=== Begin Enclosure ===

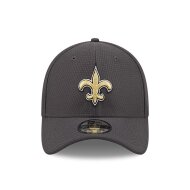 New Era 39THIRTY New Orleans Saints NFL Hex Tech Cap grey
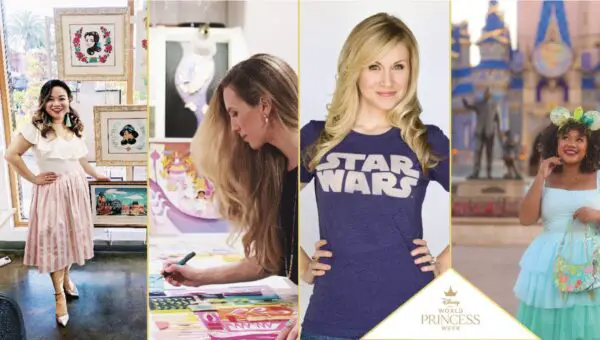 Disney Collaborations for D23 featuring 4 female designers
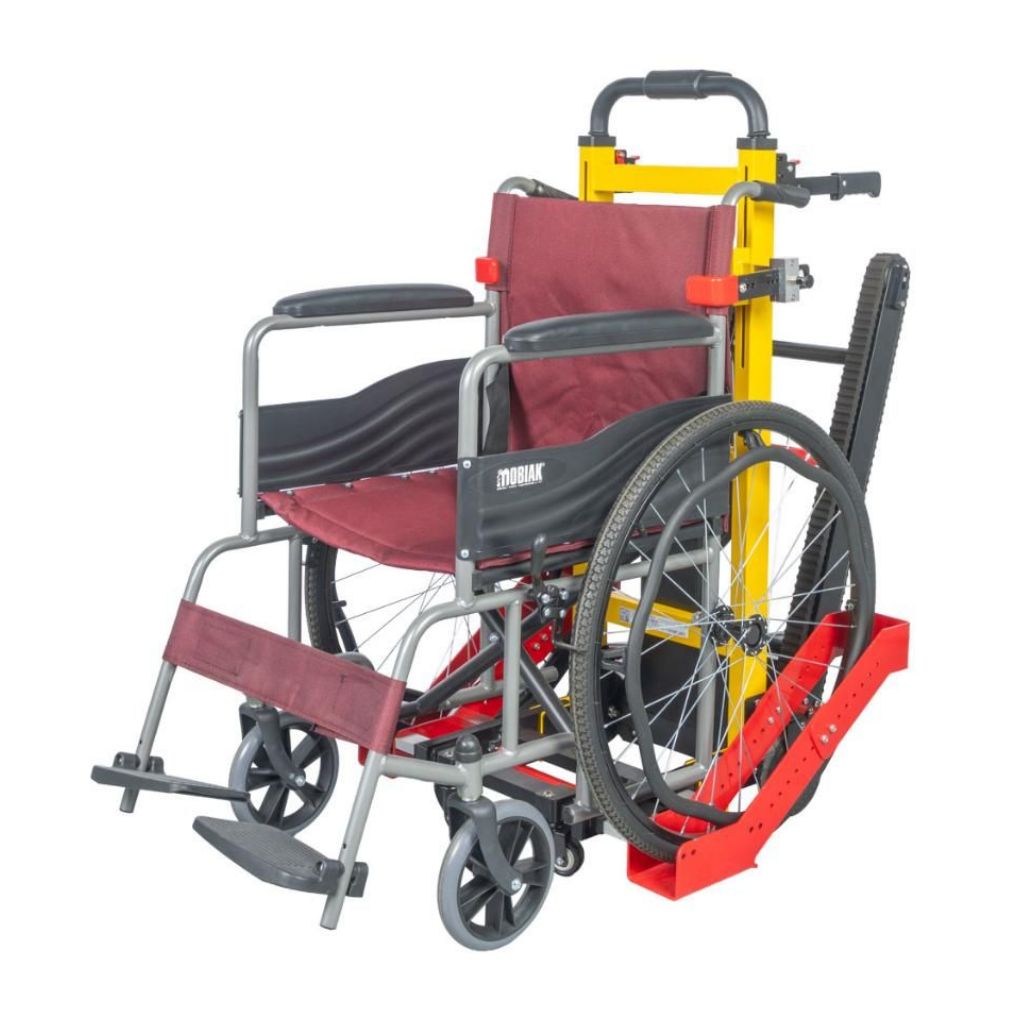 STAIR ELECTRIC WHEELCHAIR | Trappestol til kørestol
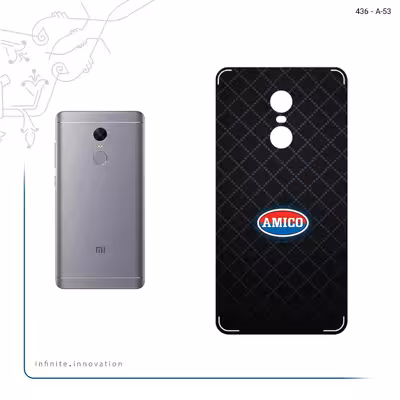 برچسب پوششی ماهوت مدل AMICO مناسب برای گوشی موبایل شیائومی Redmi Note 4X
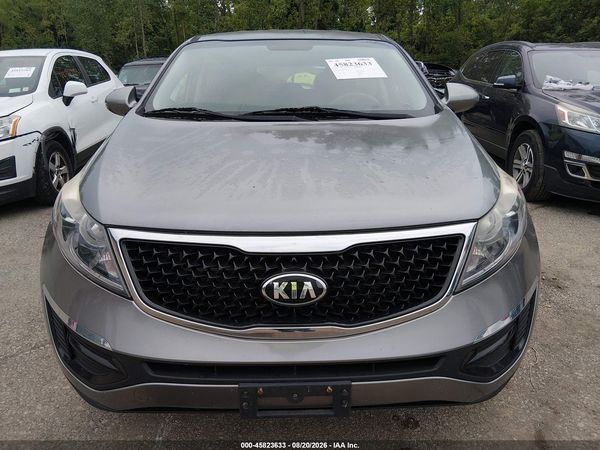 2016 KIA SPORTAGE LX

=== End Enclosure ===
=== Begin Enclosure ===

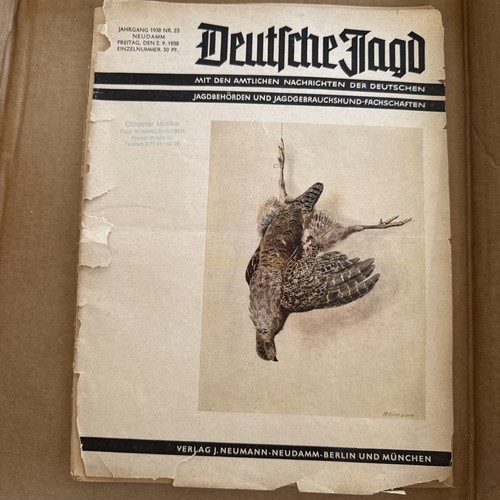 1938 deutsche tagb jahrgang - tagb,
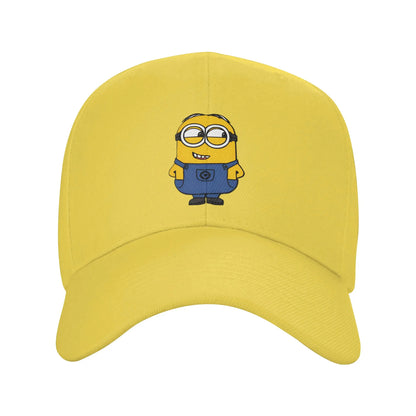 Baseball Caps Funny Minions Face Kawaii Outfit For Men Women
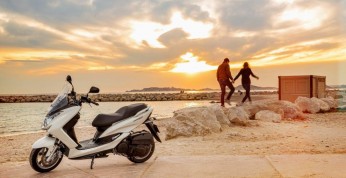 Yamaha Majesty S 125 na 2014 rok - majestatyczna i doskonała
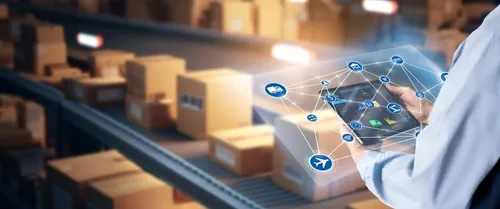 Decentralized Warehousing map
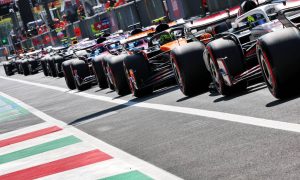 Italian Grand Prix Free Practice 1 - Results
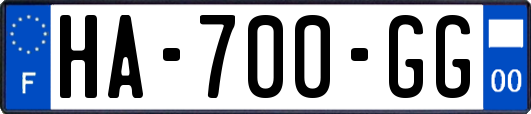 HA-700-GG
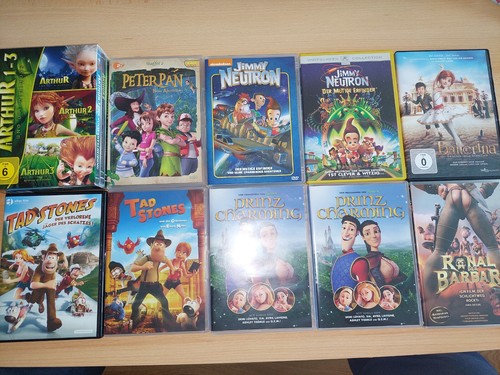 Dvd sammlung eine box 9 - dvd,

=== End Enclosure ===

> _What you need to do_:
Only the lines of the listing above from the one with "New Era 39THIRTY" through the one with "2016 KIA SPORTAGE LX" should be output, exactly, with both ends kept and pictures left out.

> _The answer_:
 New Era 39THIRTY New Orleans Saints NFL Hex Tech Cap grey
 Disney Collaborations for D23 featuring 4 female designers
 STAIR ELECTRIC WHEELCHAIR | Trappestol til kørestol
 برچسب پوششی ماهوت مدل AMICO مناسب برای گوشی موبایل شیائومی Redmi Note 4X
 2016 KIA SPORTAGE LX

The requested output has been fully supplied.